People ask me all the time—How are you? And I always answer the same way: I’m fine.

And it’s true… most of the time. I am fine. I don’t need anything. I’m not falling apart in a puddle on the floor. But my fine doesn’t mean what most people think it means. My fine is carrying a body that never really healed. My fine is living with a nervous system that’s been idling high for decades, worn thin by years of chaos and stress—past and present.

The fatigue is bone-deep. The pain is a constant hum. Some days it’s background noise; other days it’s loud enough to drown out everything else. It’s invisible, which means people don’t see it and when people don’t see something, they often can’t understand it. I can be smiling and laughing while silently negotiating with myself about how much longer I can stand before I need to sit.
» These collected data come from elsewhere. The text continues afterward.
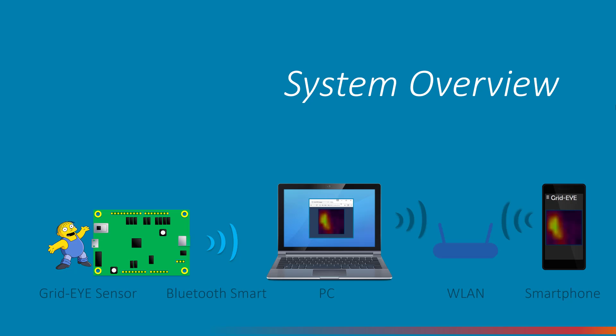The evaluation board contains the GridEye device itself and also a Bluetooth Smart module, which means that it can communicate the sensor data wirelessly to a PC. To receive it I used a Bluetooth Smart adapter plugged into the USB port. Bluetooth Smart is also known as Bluetooth LE or Bluetooth 4.0 or 4.x.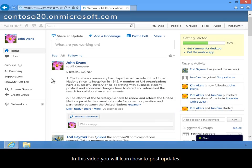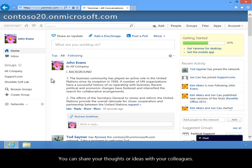In this video, you will learn how to post updates. You can share your thoughts or ideas with your colleagues.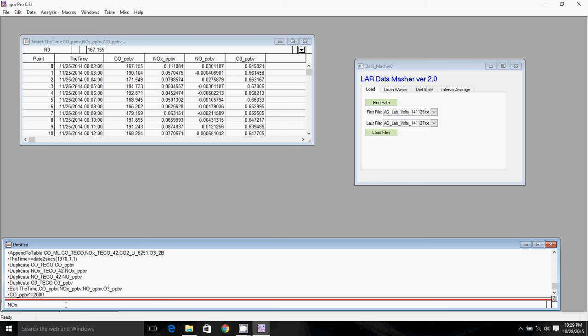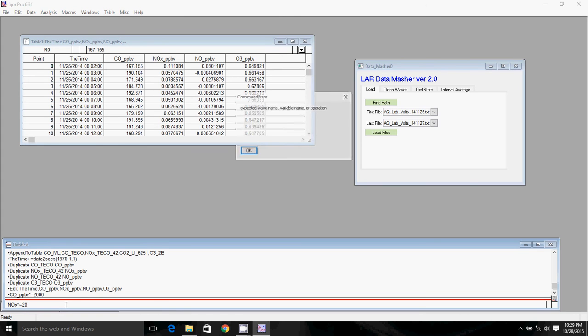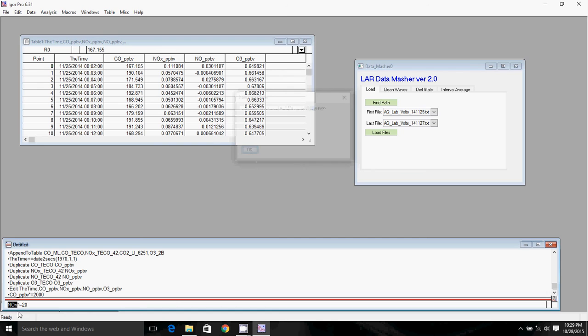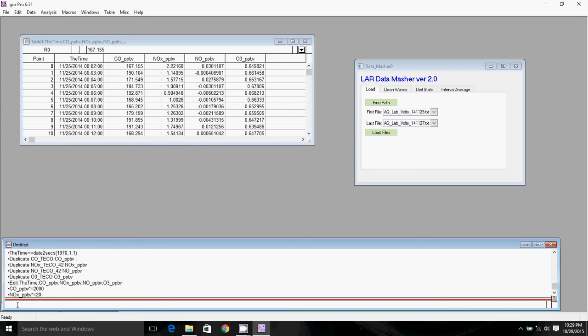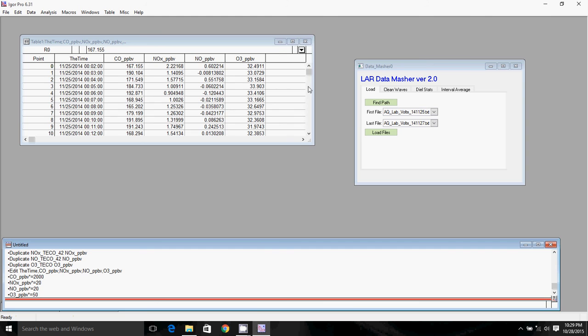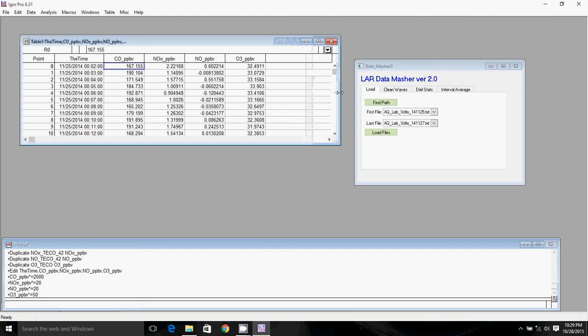The NOx response factor is 20 parts per billion per volt. We've got to write parts per billion there. The NO response factor is the same. And the ozone response factor is 50. Okay, so now we have all of our data in parts per billion.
I also think about something I read:  How we tell people we’re fine because fine is expected. Fine is acceptable. Fine keeps us from having to admit the truth. And after a while, fine becomes a wall. I’ve done that. I’ve put up that wall without even realizing it. I’m such a convincing actress that sometimes I don’t notice I’ve been performing until someone points it out.

I’ve had moments, private ones, where I’ve completely fallen apart, screaming or crying or both. And in those moments, I’ve realized just how much I’ve kept from the people who love me, simply because I didn’t want to look my own pain in the eye… let alone ask someone else to look at it with me.

The strange thing is, most of the time, I actually am fine. I have joy. I have love. I have laughter. But when I’m not fine, I have no muscle memory for letting people in. And I know I’m not alone in that. I know people who insist they don’t want attention, who smile and wave and swear they’re okay—but deep down, they’re quietly waiting for someone to notice that they’re not.

On the flip side, when I ask someone if they’re okay and they tell me they’re fine or they don’t need anything, I believe them. If I were truly in need, I’d reach out. If I wasn’t okay, I’d eventually say so. Otherwise, I wouldn’t want to be bothered. So when someone tells me they’re fine, I leave it at that. And yes, sometimes people get upset or disappointed when I don’t follow up or push. But to me, respecting their words is the same as respecting their boundaries. I take them at face value because I’d want them to do the same for me.

Maybe that’s the catch with fine—it’s a word that means different things to different people. For some, it’s the truth. For others, it’s a shield. And for most of us, it’s a little bit of both.